Multimodal Machine Learning for Automated Assessment of Attention-Related Processes during Learning
Babette Bühler
TL;DR
This work tackles the critical problem of objectively assessing attention-related processes during learning by leveraging multimodal machine learning on eye-tracking, video, and physiological data. It introduces a fine-grained distinction between aware and unaware mind wandering, demonstrates multimodal fusion that outperforms unimodal baselines, and tests generalizability to in-the-wild and cross-cultural settings using transfer learning. It also develops gaze-synchrony and hand-raising detection methods to index attention online and in classroom contexts, respectively, while addressing explainability and privacy concerns for educational practice. The findings provide a path toward scalable, attention-aware learning technologies and data-driven insights into how attentional dynamics influence learning outcomes, with practical implications for interventions and classroom analytics. Overall, the thesis bridges education theory with state-of-the-art computer science methods to advance fine-grained, scalable assessment of attention in diverse educational contexts.
Abstract
Attention is a key factor for successful learning, with research indicating strong associations between (in)attention and learning outcomes.
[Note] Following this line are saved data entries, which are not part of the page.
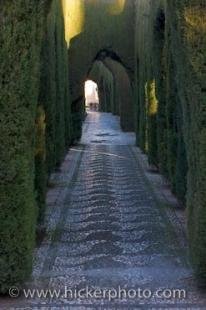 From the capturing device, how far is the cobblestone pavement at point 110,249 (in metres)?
5.23

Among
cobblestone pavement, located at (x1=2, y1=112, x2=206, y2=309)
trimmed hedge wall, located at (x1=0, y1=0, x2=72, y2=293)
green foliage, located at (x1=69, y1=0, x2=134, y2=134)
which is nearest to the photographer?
trimmed hedge wall, located at (x1=0, y1=0, x2=72, y2=293)

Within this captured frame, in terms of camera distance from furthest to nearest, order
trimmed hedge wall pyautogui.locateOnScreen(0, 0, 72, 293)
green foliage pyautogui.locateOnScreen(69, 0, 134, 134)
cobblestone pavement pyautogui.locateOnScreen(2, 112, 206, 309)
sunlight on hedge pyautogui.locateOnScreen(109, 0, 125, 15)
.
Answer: sunlight on hedge pyautogui.locateOnScreen(109, 0, 125, 15) < green foliage pyautogui.locateOnScreen(69, 0, 134, 134) < cobblestone pavement pyautogui.locateOnScreen(2, 112, 206, 309) < trimmed hedge wall pyautogui.locateOnScreen(0, 0, 72, 293)

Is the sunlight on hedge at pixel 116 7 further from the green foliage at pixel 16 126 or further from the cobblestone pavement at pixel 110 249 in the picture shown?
the green foliage at pixel 16 126

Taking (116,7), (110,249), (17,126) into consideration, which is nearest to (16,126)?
(17,126)

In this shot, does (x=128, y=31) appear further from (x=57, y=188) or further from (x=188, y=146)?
(x=188, y=146)

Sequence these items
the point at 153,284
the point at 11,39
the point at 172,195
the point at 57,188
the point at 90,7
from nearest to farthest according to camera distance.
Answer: the point at 11,39 < the point at 153,284 < the point at 172,195 < the point at 57,188 < the point at 90,7

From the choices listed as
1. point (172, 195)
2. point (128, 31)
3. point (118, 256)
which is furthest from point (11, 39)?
point (128, 31)

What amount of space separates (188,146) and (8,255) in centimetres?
194

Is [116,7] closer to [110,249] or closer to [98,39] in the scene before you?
[98,39]

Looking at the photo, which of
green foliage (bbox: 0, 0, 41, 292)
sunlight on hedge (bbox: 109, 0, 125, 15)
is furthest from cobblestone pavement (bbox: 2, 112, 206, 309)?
sunlight on hedge (bbox: 109, 0, 125, 15)

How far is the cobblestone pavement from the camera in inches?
206

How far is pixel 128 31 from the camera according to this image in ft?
71.7

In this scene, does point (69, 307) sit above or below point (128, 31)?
below

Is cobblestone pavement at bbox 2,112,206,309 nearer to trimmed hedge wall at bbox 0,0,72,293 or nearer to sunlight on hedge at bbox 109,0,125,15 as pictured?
trimmed hedge wall at bbox 0,0,72,293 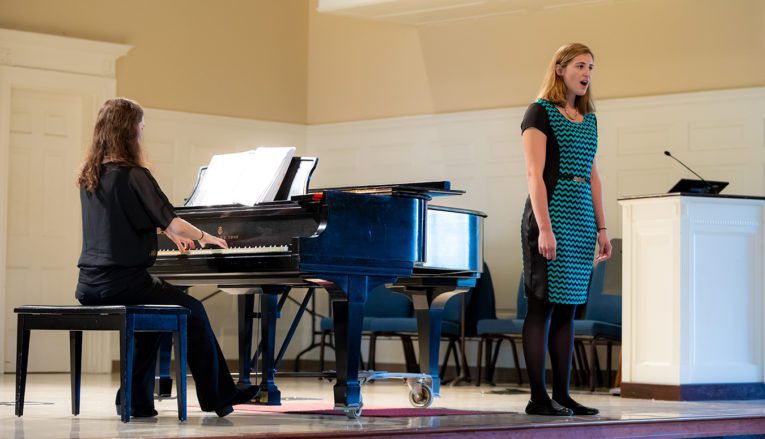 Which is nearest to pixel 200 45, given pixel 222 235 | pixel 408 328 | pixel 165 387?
pixel 408 328

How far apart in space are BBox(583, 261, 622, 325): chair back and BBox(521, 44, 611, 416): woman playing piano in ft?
10.4

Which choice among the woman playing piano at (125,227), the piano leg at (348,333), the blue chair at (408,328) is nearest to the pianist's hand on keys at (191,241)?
the woman playing piano at (125,227)

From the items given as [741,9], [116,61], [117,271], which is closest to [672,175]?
[741,9]

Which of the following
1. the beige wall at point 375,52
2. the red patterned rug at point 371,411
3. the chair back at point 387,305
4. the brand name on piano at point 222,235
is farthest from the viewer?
the chair back at point 387,305

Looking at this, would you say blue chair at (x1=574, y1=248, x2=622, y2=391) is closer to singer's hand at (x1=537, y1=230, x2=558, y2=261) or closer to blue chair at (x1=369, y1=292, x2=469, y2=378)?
blue chair at (x1=369, y1=292, x2=469, y2=378)

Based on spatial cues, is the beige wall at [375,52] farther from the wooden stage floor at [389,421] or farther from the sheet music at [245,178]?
the sheet music at [245,178]

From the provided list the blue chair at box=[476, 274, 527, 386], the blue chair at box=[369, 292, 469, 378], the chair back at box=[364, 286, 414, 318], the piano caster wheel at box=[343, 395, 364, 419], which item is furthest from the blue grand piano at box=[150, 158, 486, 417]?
the chair back at box=[364, 286, 414, 318]

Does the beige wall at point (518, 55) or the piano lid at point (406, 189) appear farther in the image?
the beige wall at point (518, 55)

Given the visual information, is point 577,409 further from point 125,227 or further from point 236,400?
point 125,227

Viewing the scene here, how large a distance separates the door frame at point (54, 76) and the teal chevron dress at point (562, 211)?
191 inches

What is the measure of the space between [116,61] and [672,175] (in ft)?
13.1

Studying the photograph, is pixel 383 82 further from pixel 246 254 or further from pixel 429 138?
pixel 246 254

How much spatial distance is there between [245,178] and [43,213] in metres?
3.94

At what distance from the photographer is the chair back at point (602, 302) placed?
25.1 feet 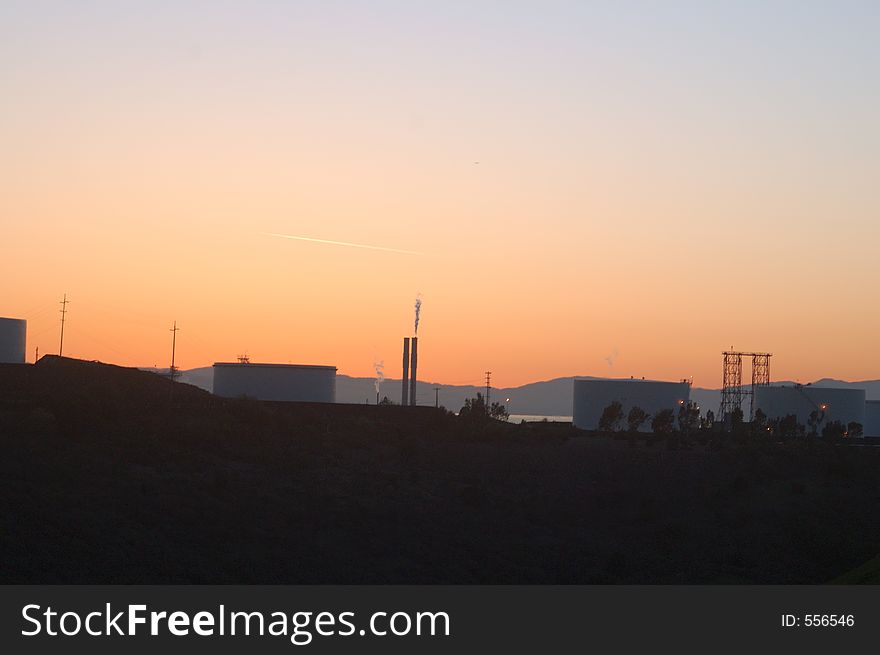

This dissertation advanced the field by focusing on the automated detection of attention-related processes using eye tracking, computer vision, and machine learning, offering a more objective, continuous, and scalable assessment than traditional methods such as self-reports or observations. It introduced novel computational approaches for assessing various dimensions of (in)attention in online and classroom learning settings and addressing the challenges of precise fine-granular assessment, generalizability, and in-the-wild data quality. First, this dissertation explored the automated detection of mind-wandering, a shift in attention away from the learning task. Aware and unaware mind wandering were distinguished employing a novel multimodal approach that integrated eye tracking, video, and physiological data. Further, the generalizability of scalable webcam-based detection across diverse tasks, settings, and target groups was examined. Second, this thesis investigated attention indicators during online learning. Eye-tracking analyses revealed significantly greater gaze synchronization among attentive learners. Third, it addressed attention-related processes in classroom learning by detecting hand-raising as an indicator of behavioral engagement using a novel view-invariant and occlusion-robust skeleton-based approach. This thesis advanced the automated assessment of attention-related processes within educational settings by developing and refining methods for detecting mind wandering, on-task behavior, and behavioral engagement. It bridges educational theory with advanced methods from computer science, enhancing our understanding of attention-related processes that significantly impact learning outcomes and educational practices.